Robb Hernandez, The Latina/o Studies Working Group
Robb Hernandez is the director of The Latina/o Studies Working Group. The Working Group is a bi-monthly, interdisciplinary gathering of University of Maryland graduate students, usually but not strictly in the humanities, arts and social sciences, interested in discussing, reading and thinking through issues in Latina/o Studies. The Working Group is informal and intended to give graduate students the opportunity to engage in new works, lively debates and support new critical scholarship in U.S. Latina/o Studies. Hernandez is also the managing editor of “Latinidades: A Working Paper Series on U.S. Latina/o Studies.”
John Jennings, University of Illinois, Urbana-Champaign
John Jennings’ work considers the ways that African Americans have been depicted in comics and the under-representation of African American popular artists. As a curator of shows about the comics medium, as an advocate for unrecognized African American comics creators, and as a scholar/artist, he is dedicated to using the comics medium to interrogate issues of equity, representation, and also to examine various facets of black visual culture.
In his series of Afrofuturist images Matterz of the Fact, Jennings uses the cyborg body as a metaphor to underscore the commodification of the black image. The graphic novel The Hole: Consumer Culture, Vol. 1, that Jennings co-authored with Damian Duffy explores similar themes. With his work and other activities, he seeks to foreground the diverse narratives that occur when an “invisible“ segment of the population puts pencil to paper and speaks its mind through the visual language of comics.

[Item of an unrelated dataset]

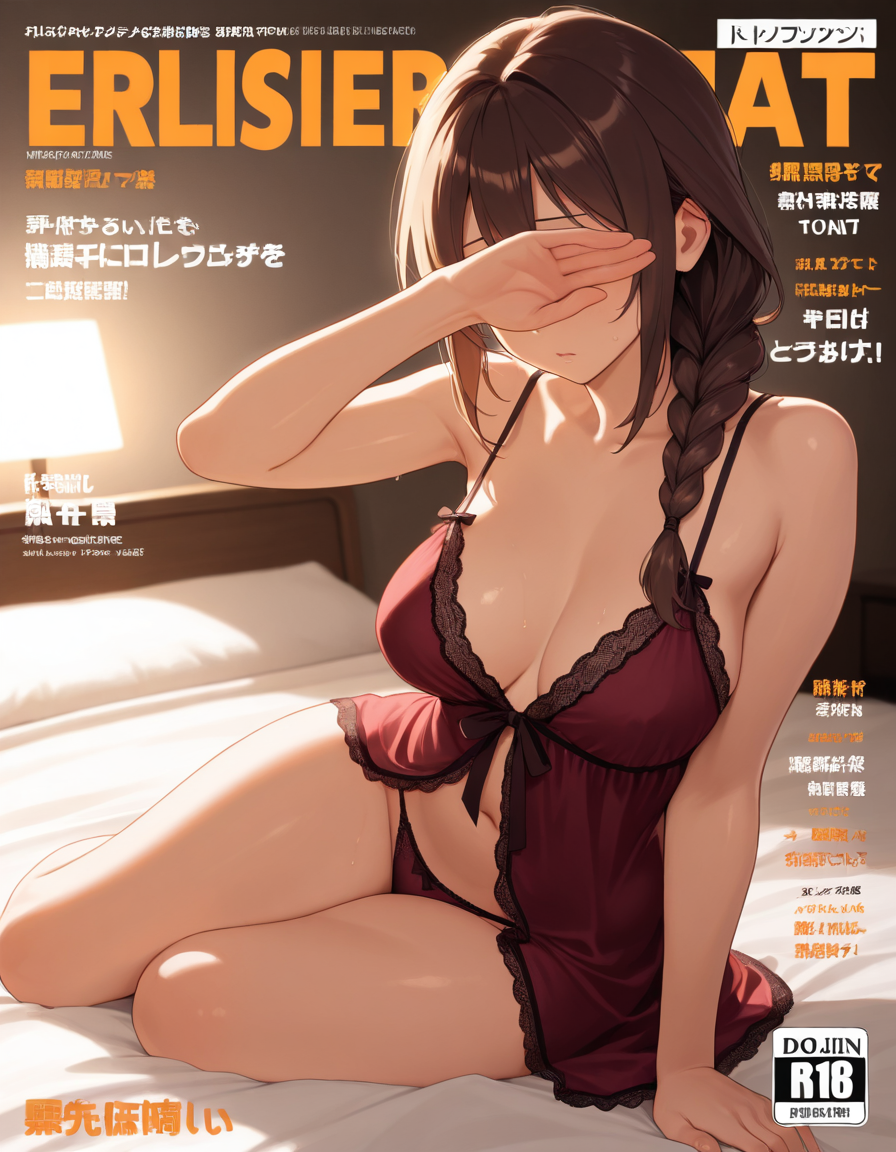 人妻専門雑誌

Laura Kina, Critical Mixed Race Studies Association
Laura Kina is a visual artist, independent curator, and scholar whose research centers on Asian American and Critical Mixed Race Studies. Kina has been involved in Chicago’s Asian American Arts community since the early 90s and is currently an arts advisory committee member of the Mixed Heritage Center in Seattle, a project of the Mavin Foundation, and the Midwest representative for the newly formed Diasporic Asian Arts Network.
Her current projects include co-curating an exhibition War Baby/Love Child: Mixed Race Asian American Art for the DePaul University Art Museum in Chicago (2011) and the Wing Luke Asian Museum in Seattle (2012) and organizing a national Critical Mixed Race Studies Conference (Nov. 2010 DePaul University). Kina’s Loving Series is currently on view in Embracing Ambiguity: Faces of the Future at Cal State Fullerton’s Main Art Gallery and her Devon Avenue Sampler series recently debuted in New Delhi and Mumbai, India.